▶ Directions:
Output, exactly as written, the lines below starting at the line containing "Beauchaines 211 - Salmon" and ending at the line containing "An alpine lake". Drop the pictures and keep both end lines.

Short descriptive text snippets
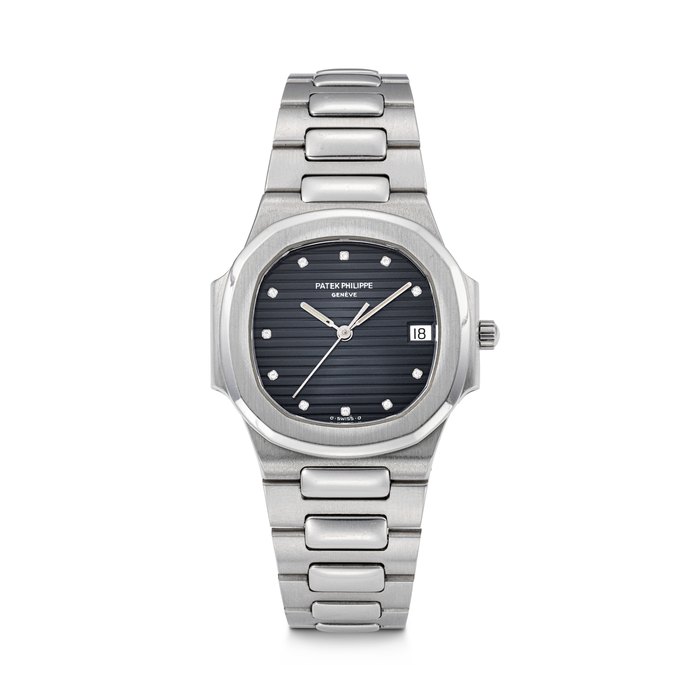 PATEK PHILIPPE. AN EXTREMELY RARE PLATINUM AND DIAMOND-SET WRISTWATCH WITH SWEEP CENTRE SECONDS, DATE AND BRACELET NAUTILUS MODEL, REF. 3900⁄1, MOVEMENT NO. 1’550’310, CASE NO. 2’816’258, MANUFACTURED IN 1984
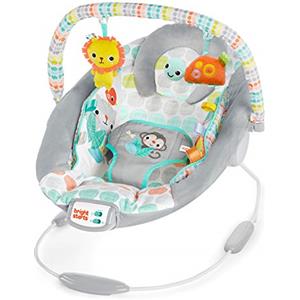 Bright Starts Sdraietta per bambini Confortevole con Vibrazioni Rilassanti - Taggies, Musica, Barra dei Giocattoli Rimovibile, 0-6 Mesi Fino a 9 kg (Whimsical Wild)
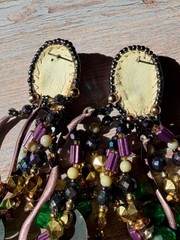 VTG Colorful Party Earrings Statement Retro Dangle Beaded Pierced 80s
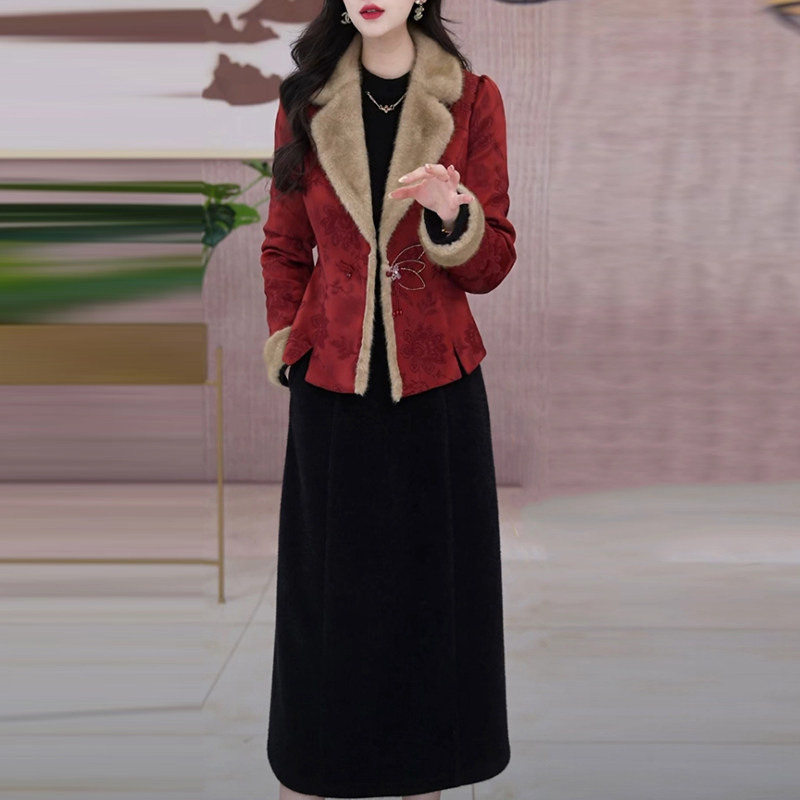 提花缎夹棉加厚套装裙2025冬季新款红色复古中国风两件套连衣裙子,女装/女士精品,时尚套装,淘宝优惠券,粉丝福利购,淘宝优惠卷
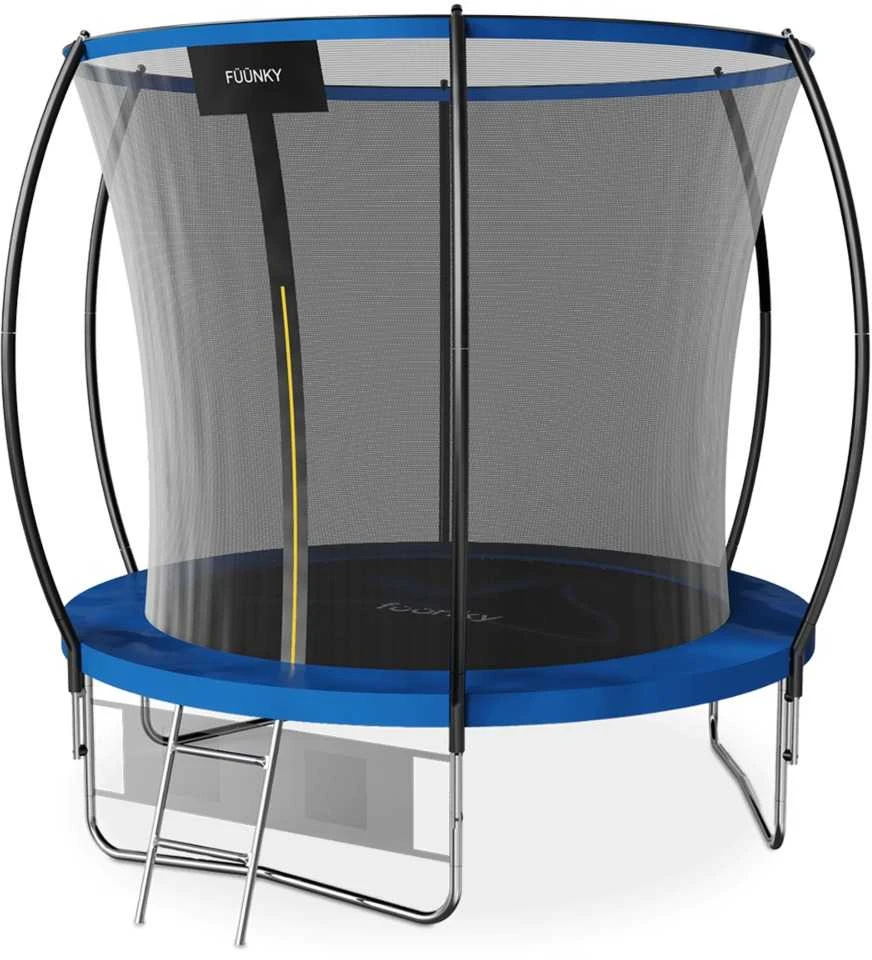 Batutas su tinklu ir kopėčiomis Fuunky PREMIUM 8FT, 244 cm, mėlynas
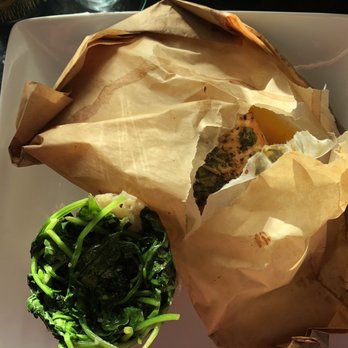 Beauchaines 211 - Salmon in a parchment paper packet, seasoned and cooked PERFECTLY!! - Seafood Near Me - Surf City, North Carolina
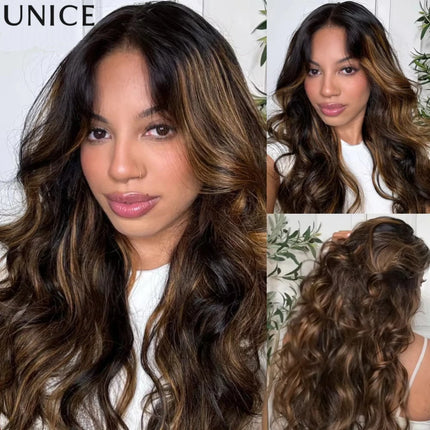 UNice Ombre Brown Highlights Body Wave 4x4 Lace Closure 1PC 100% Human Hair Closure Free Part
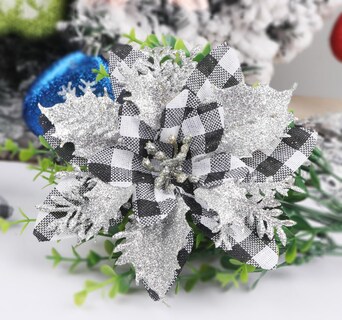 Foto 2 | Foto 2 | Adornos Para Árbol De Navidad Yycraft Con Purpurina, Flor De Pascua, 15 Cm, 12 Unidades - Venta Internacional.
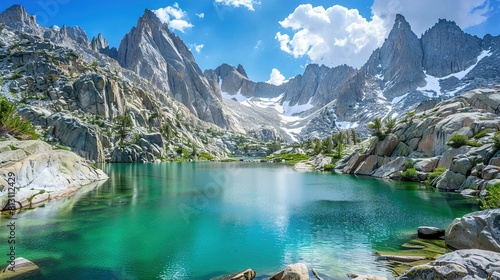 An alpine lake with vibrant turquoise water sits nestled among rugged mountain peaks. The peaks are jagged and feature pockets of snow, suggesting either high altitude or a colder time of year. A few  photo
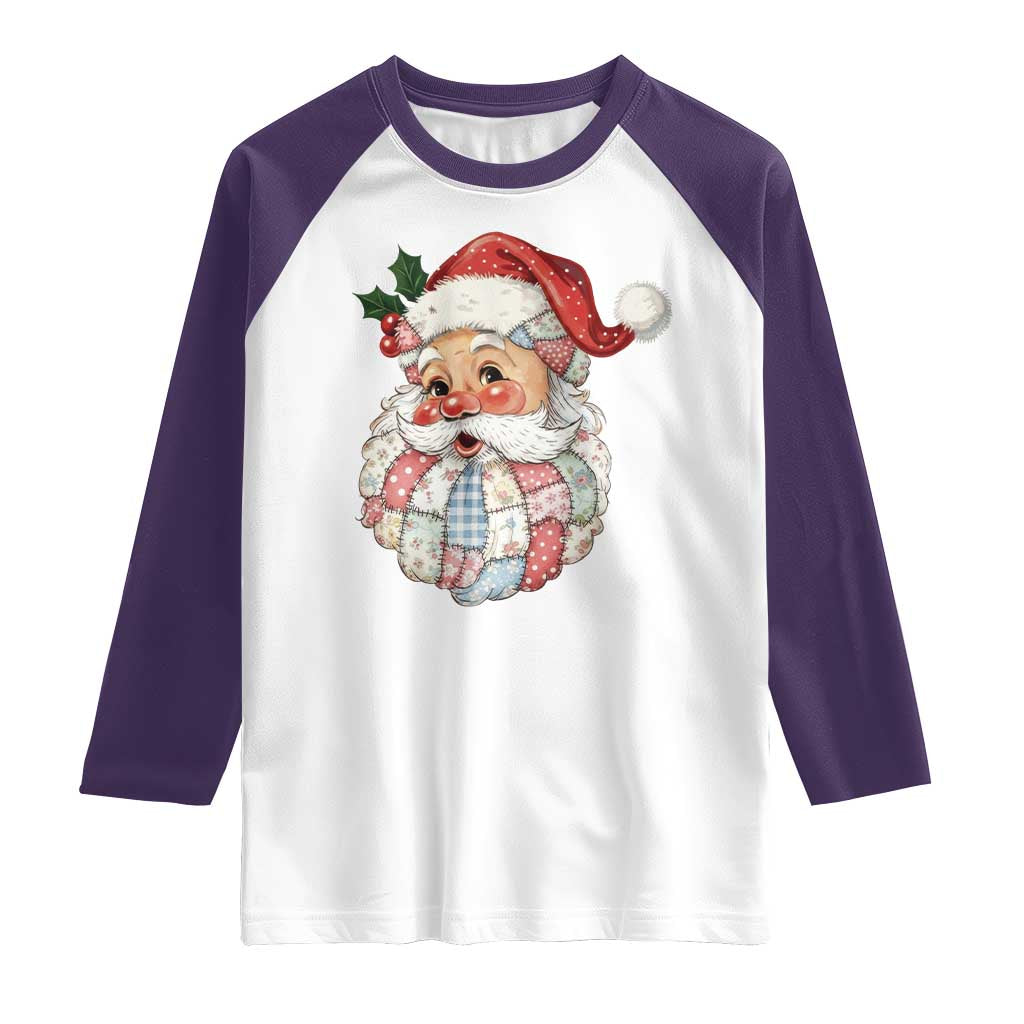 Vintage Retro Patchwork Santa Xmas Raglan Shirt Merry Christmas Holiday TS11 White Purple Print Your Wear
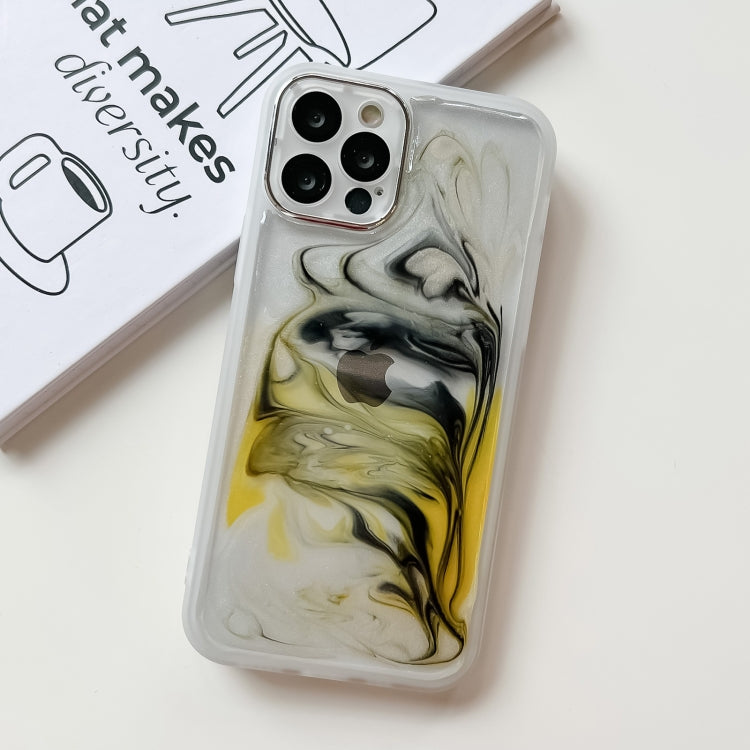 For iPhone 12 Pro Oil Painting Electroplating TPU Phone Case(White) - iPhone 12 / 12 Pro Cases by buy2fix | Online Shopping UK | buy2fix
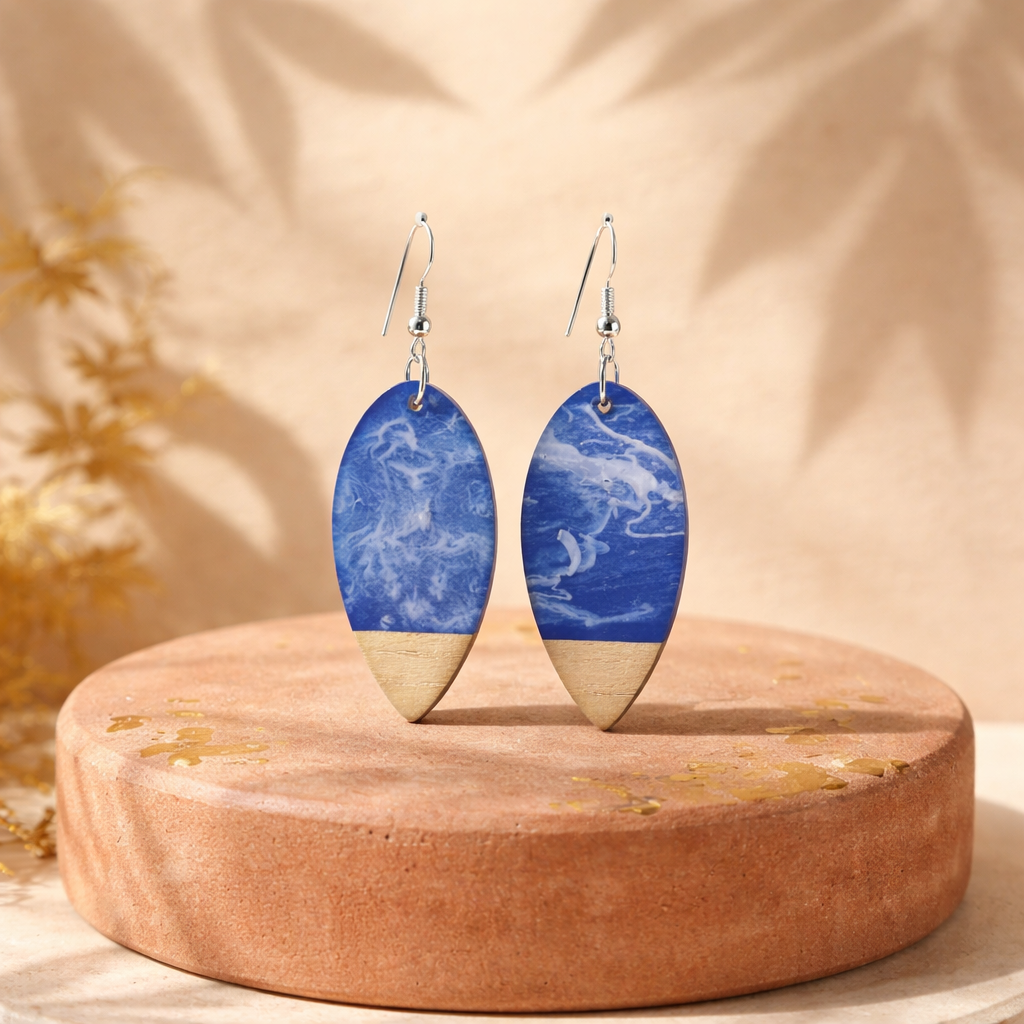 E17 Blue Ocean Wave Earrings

▶ Solution for this task:
 Beauchaines 211 - Salmon in a parchment paper packet, seasoned and cooked PERFECTLY!! - Seafood Near Me - Surf City, North Carolina
 UNice Ombre Brown Highlights Body Wave 4x4 Lace Closure 1PC 100% Human Hair Closure Free Part
 Foto 2 | Foto 2 | Adornos Para Árbol De Navidad Yycraft Con Purpurina, Flor De Pascua, 15 Cm, 12 Unidades - Venta Internacional.
 An alpine lake with vibrant turquoise water sits nestled among rugged mountain peaks. The peaks are jagged and feature pockets of snow, suggesting either high altitude or a colder time of year. A few  photo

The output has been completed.